Page 13 of The Third Kingdom


  This hole faced north.

  Richard frowned at Samantha. “What is this?”

  She pointed through the opening. “Look.”

  He put his hands on the edge and leaned in a little, looking out through the cylindrical opening into a murky dawn. He saw in the gloomy light a valley spread out before them. Not much of the dense forest of the valley far below was visible. The length and shape of the cylindrical opening restricted the view to a specific place off in the distance.

  The opening framed a gap in soaring mountains many miles away. He bent down, trying to look up, trying to see how high the mountains were, but they were so immense and because of the way the opening was made it wouldn’t allow him to see the mountaintops. All he could see were impassable walls of stone rising up from a valley below.

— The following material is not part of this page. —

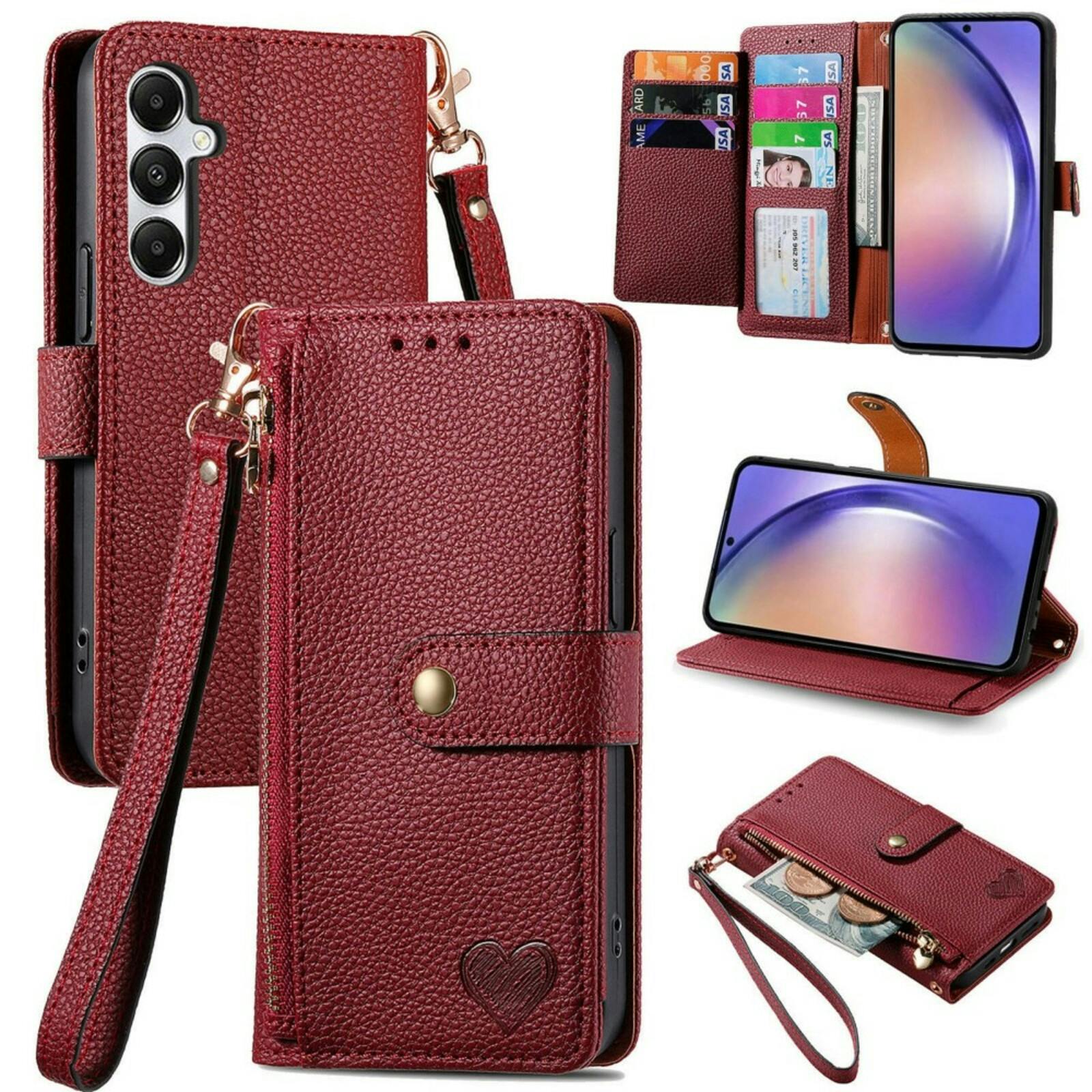 Mocaa Samsung A55 Love Heart Wallet Hoesje Rood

  A deep canyon between the rock walls appeared to be the only way through the barrier of the mountains. Having been a woods guide, Richard understood the difficulties of finding passable routes through rugged wilderness. There was often only one passage through such mountainous country. It appeared to him that the valley was the only way back into and beyond those mountains.

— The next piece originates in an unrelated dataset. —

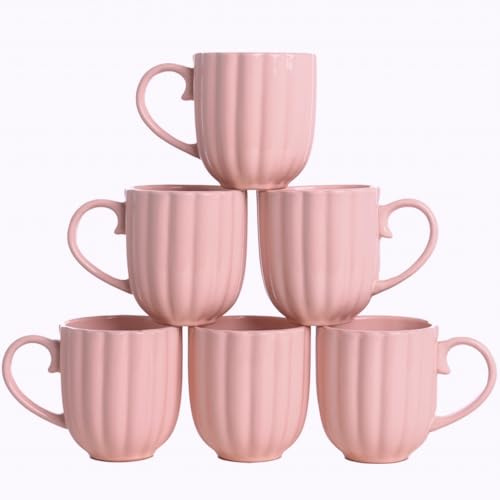 HOMD Coffee Cup Set 6-12oz Large Handle Ceramic Cup for Coffee, Soup, Tea, Milk, Latte, hot Cocoa, Ladies, Men-New Porcelain Mug Set. (Petals Pink)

  He backed away. “What is it I’m supposed to see?”

  “Well,” she said, gesturing to two small metal plates in the wall around the opening, “you need to use these.”

  Framing the opening was a design with a several distinct motifs. Like the others, Richard recognized the symbols that made up the designs. To each side, where Samantha pointed, within elements of the design where he hadn’t noticed them at first, there were small metal plates, each about half the size of his palms. The metal was in better condition than the first shield plates he’d seen. It looked to be worn smooth by the touch of countless hands.

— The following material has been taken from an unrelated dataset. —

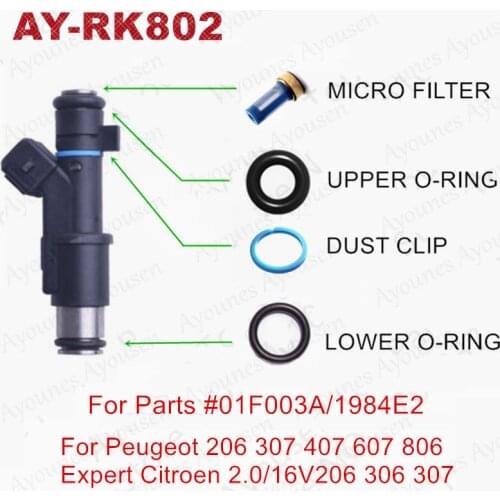 200sets Fuel Injector Service Kits For Part#1984E2 01F003A 01F002A 01F023 For Peugeot 206 307 406 407 607 806 807 Expert 2.0/16V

  “Here, let me show you.” Since his gift didn’t work, she ducked under his arm and popped up in front of him so that she could put her hands on both plates for him. She was tiny enough that she could easily slip into the space between him and the wall. The top of her mass of black hair came up only to the middle of his chest.

  “Lean around me and look in,” she said.

  As Samantha bent to the side, keeping a hand on each plate, Richard leaned past her to put his head inside the circular opening.

  To his surprise, the air wavered, similar to the way the air above a fire wavered, except that it did it in a circular pattern, more like ripples in a pond radiating outward. It was a dizzying sight that made his stomach feel a bit queasy.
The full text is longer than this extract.